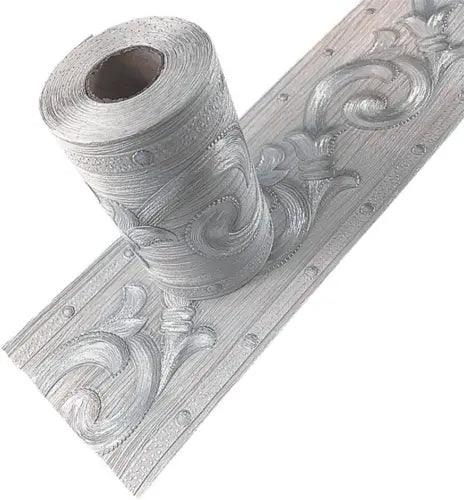 Silver Flower 3D Wallpaper Border Peel & Stick PVC Wall Covering Kitchen Bathroo - Furniture4Design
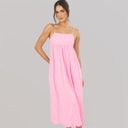 JJXX Womens Linen Blend Stripe Maxi Dress Pink Lady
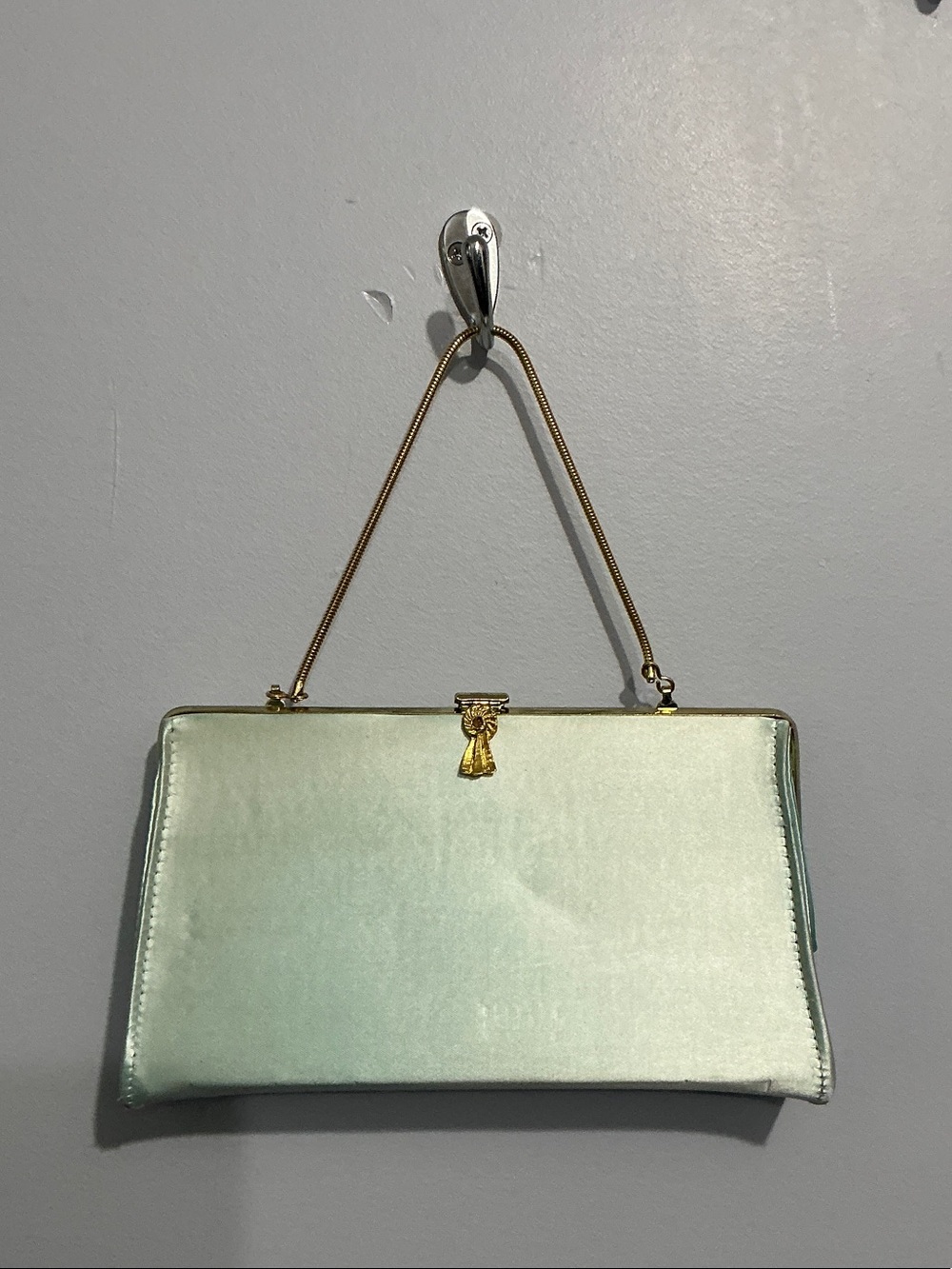 Elegant Vintage 1940s Mint Green Satin Top-Handle Evening Bag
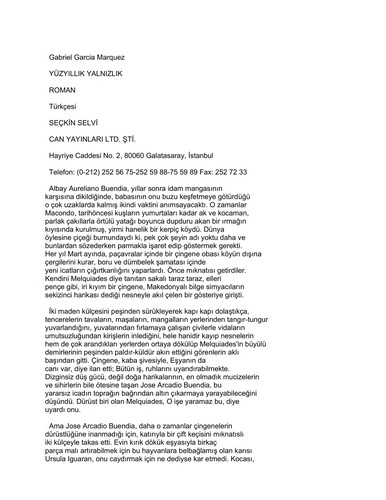 Gabriel García Márquez: Yüzyillik yalnizlik (Turkish language, 1996, Can Yayinlari)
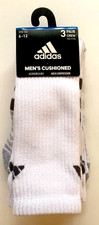 Adidas Men  s White Crew Socks 3-Pack Cushioned Size L 6-12 5155901A New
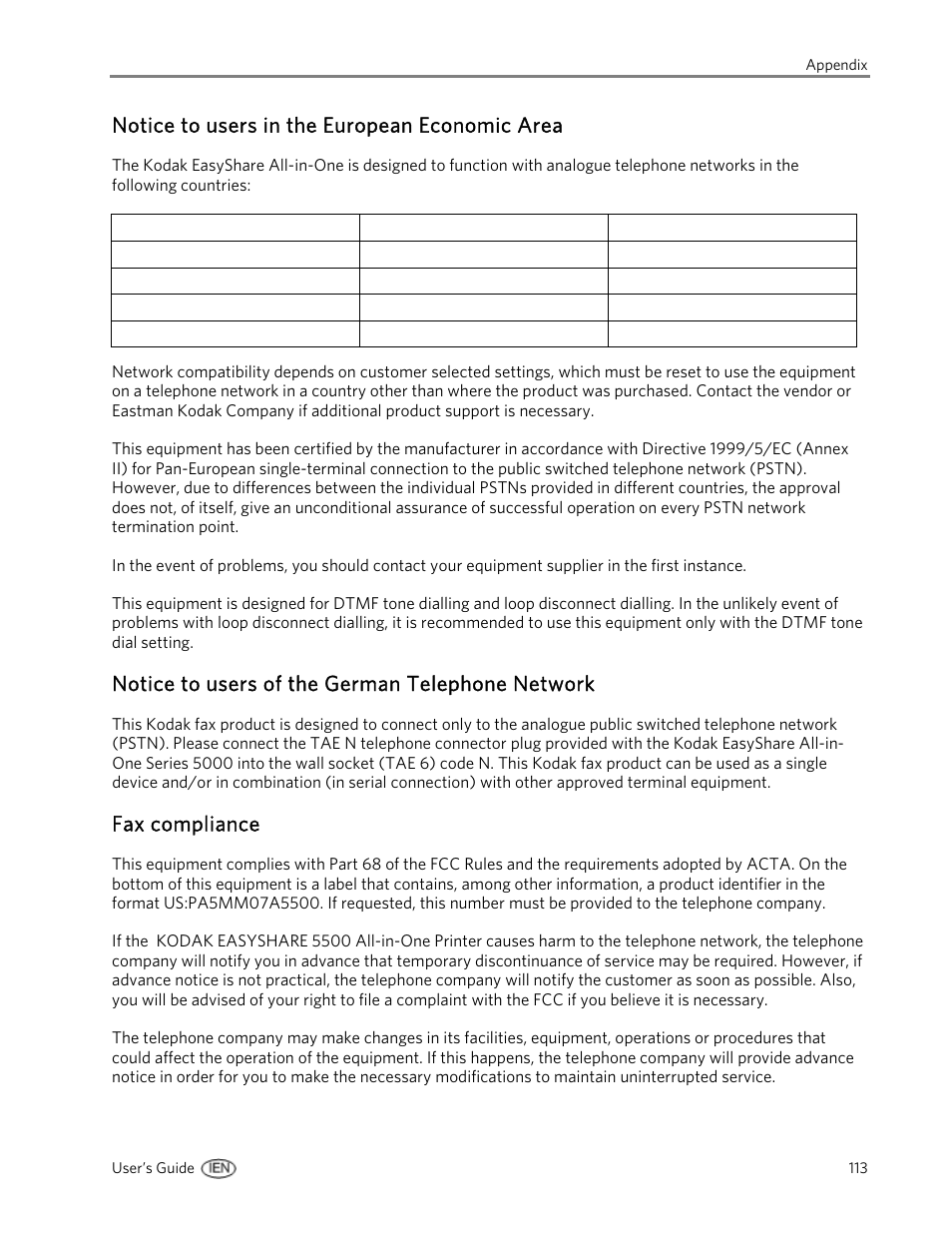 Notice to users in the european economic area, Notice to users of the german telephone network, Fax compliance | Kodak EasyShare 5500 User Manual | Page 117 / 122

EXERCISE OBJECTIVE:
Your copy of the entries must be exact and must not include any of their pictures.

OUTPUT FOR THIS TASK:
 Silver Flower 3D Wallpaper Border Peel & Stick PVC Wall Covering Kitchen Bathroo - Furniture4Design
 JJXX Womens Linen Blend Stripe Maxi Dress Pink Lady
 Elegant Vintage 1940s Mint Green Satin Top-Handle Evening Bag
 Gabriel García Márquez: Yüzyillik yalnizlik (Turkish language, 1996, Can Yayinlari)
 Adidas Men  s White Crew Socks 3-Pack Cushioned Size L 6-12 5155901A New
 Notice to users in the european economic area, Notice to users of the german telephone network, Fax compliance | Kodak EasyShare 5500 User Manual | Page 117 / 122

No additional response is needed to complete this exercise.